The following is a post written by a twitter colleague who is new to the world of blogging. A wonderfully honest and passionate look at the power of focusing on learning and not just teaching.
Today I watched my Year 8 class implode before my very eyes. It wasn’t pretty, but it was interesting. From my cozy little position, half way back in the classroom, I watched and I mused and I literally cringed, but I didn’t do anything to stop it.
It was a completely different classroom dynamic. Vivacious students who normally participated sat with eyes cast down, pen in hand aimlessly doodling as one by one the little light flickering over their heads dimmed. The most ‘gregarious’ sat whispering amongst them selves oblivious to what was happening at the front of the room. One student stood up, walked to the back of the room whispered in another’s ear and then moseyed on down to her front row position and then proceeded to entertain the class with a two pen drum solo. I observed this and more for about twenty minutes before realising much like the Titanic, this lesson had sunk.
You see my class hadn’t imploded dramatically. It was actually painstakingly slow. A casual observer may have seen no real reason for such obvious disengagement. A computer perched on the front desk signaled that this lesson had engaged in the world of these digital ‘natives’. The sleek presentation that lit the screen ahead was infallible. The students grouped in threes around desks seemed collaborative and conducive to powerful discussion and student interaction. However, despite the apparent ‘bells and whistles’ and engagement with technology… I was bored. And if I was bored it was almost certain they were too.
With about 15 minutes of the lesson to go, I stood up and walked out of the classroom, leaving my year 8 English class to finish their lesson with my colleague.
My original purpose was to observe the lesson to assist my colleague with some behaviour management strategies for this class. I found it gave me so much more to think about. How can one class look so incredibly different in the span of 3 periods?
Yes, on the surface my colleague seemed to have a good thing happening. Students seated in what would be a collaborative setting and pedagogy that seemed to have engaged with technology. But the reality was, this was just chalk and talk with a digital facelift. Students weren’t actively participating, they weren’t constructing meaning for themselves. They weren’t ‘in the task’. The technology was a glorified, albeit more efficient, white/chalk board. Three periods later as they strolled into their English classroom, I again observed from the middle of the room.
As they took their usual seats, organised in clusters around the room, I observed a different class. Novels out on desk and a genuine buzz as they discussed last night’s reading homework.
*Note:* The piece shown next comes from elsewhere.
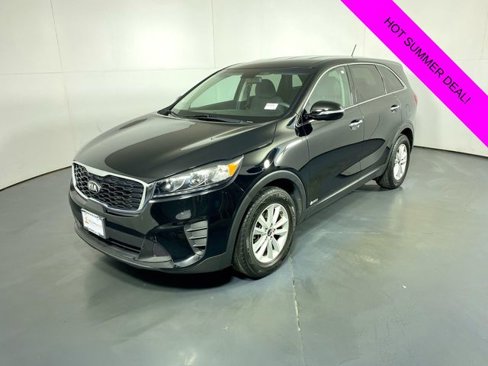 Used 2020 Kia Sorento LX image 2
‘I think Ellie is starting to get too bossy’, said one.
Another argued back, ‘She is starting to think like a soldier. You’d be bossy too if this was your life.’
A whisper at another table, ‘I think Lee and Ellie are going to do it!’
And finally, ‘What would you do if this happened our town?’
BINGO. I found my in.
‘What would you do if this happened in our town?’ I asked. Each table was given a sheet of butcher’s paper and a texta and 20 minutes of brainstorming ensued.
With about two minutes brainstorming time remaining, I looked up and felt really positive, until I glanced over to the corner to see two students eyes cast toward what could only be a mobile phone. My stomach sank a little as I walked over and stood behind the pair, ‘Can you take your phone to the office please.’
‘Oh, but Miss…it’s for the activity.’ I was doubtful, but let them continue.
‘See, we’re on Google Maps, trying to work out what we would do if our town was invaded.”
Sure enough, they were. The class was suitably impressed, but not as much as I was. Miss ‘go walk about this morning’ looked up and asked, ‘Can we all go on Google Maps?’ My answer was absolutely, but unfortunately the technology just wasn’t available, I suggested a printed map from the computer but was quickly turned down.
‘Miss, if you book the lab for tomorrow, can we just keep reading from where we are up to?’
The icing on the cake: Mr ‘I’m not reading this book – it’s dumb’ looked up and asked genuinely, ‘This is the first book I’ve ever finished, can we read the next one?’ His friend next door looked at him and said, ‘Oh, I bought that one the other day, you can borrow mine when I’m finished.’
And so 3 hours after watching my little year 8 class implode, I watched them erupt, enthusiastically discussing the possibilities of book #2. The whole class buzzed collaboratively not just on task, completely ‘in task’. And that is when I realised that the answer to my question, ‘How can one class look so different?’’ was bubbling somewhere near the letter C:
CONNECTED AND COLLABORATIVE.
I’m not the authority, but today, I just seemed to get the mix right.
It is never about managing behaviour.
Fostering learning through authentic, engaging and empowering pedagogy is key to student engagement and today this collaborative approach made all the difference to one little class’ learning.